Annotated Bibliographies for Module 7
Reading #1:
Mayer, R. E. (2014) Introduction to multimedia learning. In R. E. Mayer (Ed.), The Cambridge Handbook of Multimedia Learning. (pp. 1-26). New York: Cambridge.
Mayer uses chapter 1 of this handbook to explain his definition of multimedia learning and to provide a detailed overview of successful applications of multimedia learning. He defines multimedia learning as “presenting words and pictures that are intended to promote learning.” He considers this to be important because research strongly suggests that people can learn more deeply from words and picture than from words alone. Multimedia can take a variety of formats. Complex formats such as animated slideshow presentations and more simplistic constructions such as textbooks that include pictures all qualify as multimedia. The rationale for using multimedia to promote learning is that it takes advantage of human dual-processing cognitive architecture; that is, words and pictures can stimulate both the verbal and visual channels leading to more effective learning. The research base in support of multimedia learning is robust. Mayer takes a “learner-centered” approach in his research of multimedia learning, asking how multimedia can be adapted to enhance learning as opposed to focusing first on the technology can be used to design instruction. Technology-centered approaches have had mixed results in terms of effectiveness throughout the years. The goal of multimedia instruction is to promote meaningful learning through active learning processes. This is not so much a focus on the learner being physically active during the instructional process (although they can be), but rather designing multimedia presentations to promote active cognitive processing.
Reading #2:
Mayer, R. E. (2014) Cognitive theory of multimedia learning. In R. E. Mayer (Ed.), The Cambridge Handbook of Multimedia Learning. (pp. 43-71). New York: Cambridge.

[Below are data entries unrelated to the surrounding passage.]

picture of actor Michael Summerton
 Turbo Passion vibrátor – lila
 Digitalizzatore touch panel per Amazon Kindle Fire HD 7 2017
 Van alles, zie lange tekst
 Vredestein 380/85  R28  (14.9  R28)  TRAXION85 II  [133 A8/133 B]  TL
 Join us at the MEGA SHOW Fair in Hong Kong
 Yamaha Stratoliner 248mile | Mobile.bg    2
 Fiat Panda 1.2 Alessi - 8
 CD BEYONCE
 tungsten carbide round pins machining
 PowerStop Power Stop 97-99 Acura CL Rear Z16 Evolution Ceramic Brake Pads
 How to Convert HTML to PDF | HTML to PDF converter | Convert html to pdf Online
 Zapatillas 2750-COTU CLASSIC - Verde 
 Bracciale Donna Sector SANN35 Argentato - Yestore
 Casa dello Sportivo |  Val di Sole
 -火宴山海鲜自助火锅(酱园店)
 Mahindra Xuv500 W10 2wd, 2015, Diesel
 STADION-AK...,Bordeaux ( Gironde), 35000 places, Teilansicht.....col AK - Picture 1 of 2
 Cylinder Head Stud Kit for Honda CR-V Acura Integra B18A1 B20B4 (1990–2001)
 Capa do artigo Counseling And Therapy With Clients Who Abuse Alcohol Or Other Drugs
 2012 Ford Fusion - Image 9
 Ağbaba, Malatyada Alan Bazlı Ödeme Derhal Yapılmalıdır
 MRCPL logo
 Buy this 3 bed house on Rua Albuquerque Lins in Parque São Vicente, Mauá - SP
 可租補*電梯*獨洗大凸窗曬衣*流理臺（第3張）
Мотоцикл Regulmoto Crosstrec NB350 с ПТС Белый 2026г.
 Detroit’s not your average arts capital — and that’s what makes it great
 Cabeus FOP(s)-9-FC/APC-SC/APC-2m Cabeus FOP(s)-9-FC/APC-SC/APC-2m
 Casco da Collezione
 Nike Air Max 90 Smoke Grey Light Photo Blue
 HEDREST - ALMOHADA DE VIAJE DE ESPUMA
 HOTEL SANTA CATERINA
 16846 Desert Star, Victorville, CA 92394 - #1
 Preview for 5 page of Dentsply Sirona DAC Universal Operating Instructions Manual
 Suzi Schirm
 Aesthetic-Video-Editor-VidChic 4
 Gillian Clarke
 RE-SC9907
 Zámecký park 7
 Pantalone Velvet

This chapter from Richard Meyer continues many of the thoughts developed earlier in the first chapter of the Handbook of Multimedia Learning. He begins by reiterating the multimedia principle; that is, people can learn more deeply from words and pictures than from words alone. However, he makes a clear distinction that simply adding pictures will not guarantee improvement in learning. Well-designed multimedia presentations take into account our knowledge of how the human mind works. This belief is known as the cognitive theory of multimedia learning and contain three assumptions. The first is a dual-channel assumption which says that humans have separate processing channels for verbal and visual information. The second assumption is that humans are limited in the amount of information that each channel can process at one time, known as a limited-capacity assumption. The final assumption is that humans actively engage in cognitive processing in order to construct mental representations of their experiences, known as the active processing assumption. It is in this final assumption that a major portion of the article is devoted. It is through active engagement in cognitive processes that meaningful learning can occur. This requires the learner to cognitively select and organize words and pictures and eventually integrate these elements to construct new understandings. The effectiveness of these processes is largely determined by the amount of demand placed on cognitive capacity. It is important for instructional designers to create multimedia presentations that reduce extraneous processing often caused by poor instructional design, manage essential processing caused by the complexity of the material, and foster generative processing to make sense of the material.
Reading #3:
Schnotz, W. (2014) Integrated model of text and picture comprehension. In R. E. Mayer (Ed.), The Cambridge Handbook of Multimedia Learning. (pp. 72-103). New York: Cambridge.
Schnotz proposed an integrated model of text and picture comprehension in this article referred to as the ITPC model. Based upon the work of numerous other cognitive researchers, the ITPC model demonstrates how comprehension can be formed through a combination of various inputs. Multimedia learning is highly applicable to this theory as it involves the integration of verbal and visual information at the heart of the ITPC model. Schnotz defines this in the article by saying “multimedia learning occurs when … the individual uses external representations in order to construct internal representations of the learning content in working memory and if he or she stores these representations in long-term memory.” This process begins when information enters the cognitive system through sensory registers such as the eyes and ears. The information can be further processed in working memory before being comprehended and passed into long-term memory when it can later be recalled. He divides the pathways to comprehension in different areas, largely passed on how the information first reaches the sensory registers. These areas include listening comprehension, reading comprehension, visual picture comprehension, and auditory picture comprehension from sounds. The ITPC model takes all of these areas into account. Although boundary conditions exist based on both the ability of the student and the quality of the materials being used for instruction, empirical evidence derived from research validates the importance of the model and shares many commonalities with Mayer’s cognitive theory of multimedia learning describes in previous chapters. Overall, the ITPC model should be understand as a framework for understanding how learning occurs as an interaction amongst multiple inputs such as spoken text, written text, visual pictures, and sound.
Reading #4:
Mayer, R.E., & Anderson, B. (1991). Animations Need Narrations: An Experimental Test of a Dual-coding Hypothesis. Journal of Educational Psychology, 3, 484-490.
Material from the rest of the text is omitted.